Wednesday, September 28, 2016

Mystery Melange

Mystery Readers NorCal is hosting an evening Literary Salon with William Kent Krueger on Thursday, October 6 in Berkeley, CA. Krueger is the author of the Cork O’Connor series set in the north woods of Minnesota and has received Edgar, Anthony, Barry, and Dilys Awards, among many other honors, for his writing. For more information and how to RSVP, check out the Mystery Fanfare blog.

The Iceland Noir festival released the full program for this years event, to be held November 17-20 in Reykjavik. In addition to a full schedule of panels, there will be extra events like the Reykjavík Crimewalk, leaving the Nordic House and ending at Iða Zimsen in downtown Reykjavík, stopping off at criminally significant points along the way with authors reading from their work at each stop. (Crime Fiction Lover has a look at highlights of the festival via this link.)

Writing for Ireland's Independent newspaper, Myles McWeeney posited that female thriller writers are once again dominating the bestseller lists, just as in the Golden Age of crime fiction, with three Irish authors helping to lead the way.

David Hare wrote an essay for The Guardian on the genius of crime fiction author Georges Simenon (1903-1989).
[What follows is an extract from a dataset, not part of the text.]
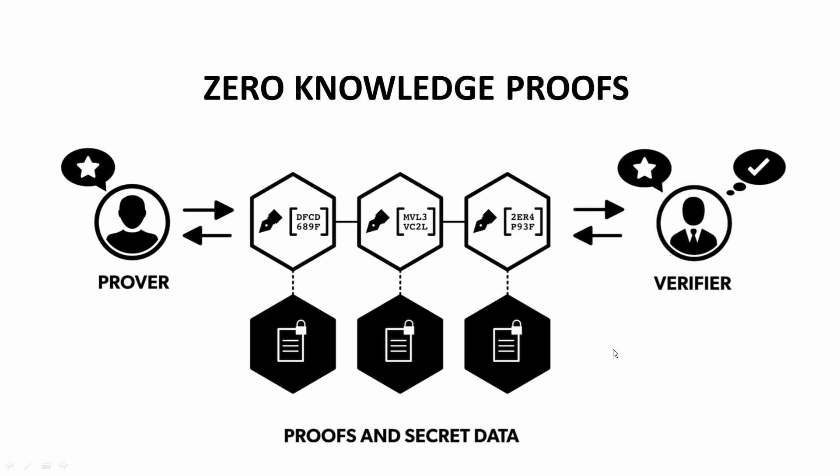So some quick basics first before we get into our demo. In a zero-knowledge proof, one party can prove to another party that a given statement is true while the prover avoids conveying any additional information, apart from the fact that the statement is indeed true.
Hare is bringing the play The Red Barn, based on Simenon's novel La Main, to the National Stage, and he revealed why he loves the "pithy, power-obsessed creator of Inspector Maigret."
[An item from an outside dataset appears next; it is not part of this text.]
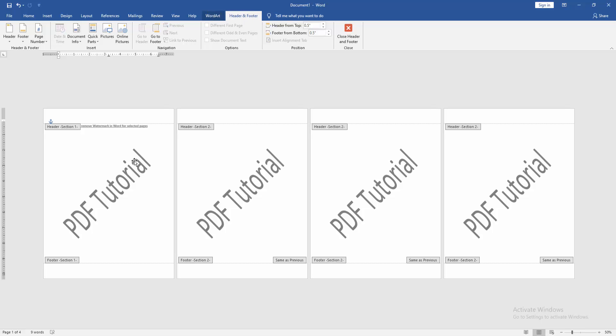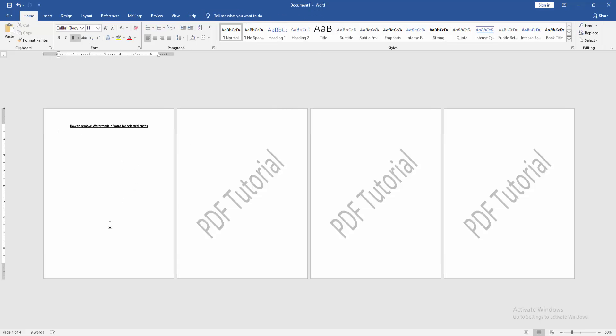Delete it, then close header and footer. Now we can see we removed the watermark from the selected page very easily. I hope you enjoyed the video. Please like, comment, share, and subscribe to my channel. Thanks for watching!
The Crime Fiction Lover blog has been celebrating the best crime fiction of years gone by during this month, a feature they titled "Classics in September." One recent post turned the spotlight on Bloomsbury Reader, a publisher that has been unearthing Golden Age crime fiction and reprinting it for modern audiences, with writers like Margery Allingham, Edmund Crispin and Ann Bridge.

As Martin Edwards notes on his blog, collecting crime fiction has become a bit of "a thing," especially for rare - and often quite expensive - books, like an illustrated copy of Poirot Investigates. He also cites a recent blog post from Panmacmillan about some of the genre’s most sought after items.

Among the intriguing items in the online collection Recollection Wisconsin is the "Sherlock Holmes Mystery Map" (1987) created by Jim Wolnick and Susan Lewis and published by Aaron Blake Publishers. Complete with a "Dancing Men" border, it provides a visual guide to 130 locales in the Holmes canon.  (HT to Elizabeth Foxwell.)

Have you ever wondered how the FBI handled fingerprints before the digital age? By 1943, there were more than 20,000 employees sorting through 70 million fingerprints in an 8,000 square foot facility in the National Guard Armory in Washington D.C., affectionately called the "Fingerprint Factory."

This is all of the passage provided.